The first part of this two part blog provided an introduction to concepts in Kubernetes and Public Cloud that are relevant to stateful application management. We also covered how Kubernetes and Hadoop features were leveraged to provide a highly available service. In this second part of the blog we will cover some of the shortcomings we ran into while using these technologies and how those were overcome.
Rolling Upgrades with StatefulSets
StatefulSets, much like other workload resources, are managed by a controller in Kubernetes. This controller is responsible for creating the Pods and PVCs requested by the StatefulSet. When that StatefulSet is updated by the user, the controller deletes and recreates the Pods one by one with the new binaries and config while retaining the name and PVC bindings. The controller updates Pods in a strict order defined by the ordinal number of the Pod. The Pods can have a readiness test which needs to pass before the controller moves on to update the next Pod. We had readiness tests for all of our components, and these typically probed the JMX interfaces of the component. The nature of the checks varied based on the component; for example, with HMaster, it was a check to see if the server has initialized. For DataNodes, we actually confirmed whether it registered with the NameNode. A similar registration check is done for RegionServers. The tests are crucial as they prevent a bad upgrade from running through an entire cluster and applying a potentially bad update.
While many of the features of StatefulSet controller were nice, there were some drawbacks:
- It only updates one Pod at a time. In a large cluster with many RegionServers or DataNodes, it could take a very long time to upgrade all the Pods.
- Components like Zookeeper, HMaster, NameNode etc. have a leader. During rolling upgrades, this leader Pod should be upgraded last. Otherwise, a new leader would be elected and that leader would then potentially get disrupted again by the rolling upgrade process.

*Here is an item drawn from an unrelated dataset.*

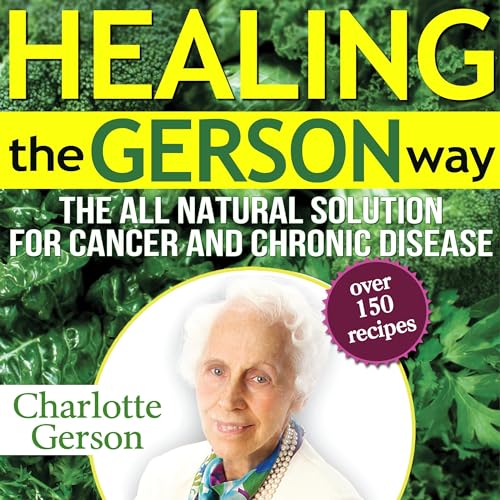 Cover of Healing the Gerson Way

- We place a limit on the number of unavailable Pods in a cluster (using a feature in Kubernetes called Pod Disruption Budget). When this limit is hit due to some existing Pod or cluster issues, upgrades are not able to proceed. This is because the strict ordering of StatefulSet upgrades could make healthy Pods unavailable and Kubernetes would prevent that from happening. The situation typically required manual intervention. This is especially unfortunate if you are running upgrades to address some bad code or config that was causing the unhealthy state.
To overcome these issues we came up with a custom rolling upgrade controller for StatefulSets. Fortunately, there was a flag in StatefulSets called OnDelete which allows the default controller to carry out all of its regular tasks, while delegating the sequencing of rolling upgrades to some other controller. The custom controller we built (sometimes called an operator in Kubernetes) took over the sequencing aspect of StatefulSet upgrades. It provided the following functionality:
- Introduced batched updates so a StatefulSet can specify (in an annotation) as to how many Pods need to be updated in a batch. This greatly accelerated the upgrade process.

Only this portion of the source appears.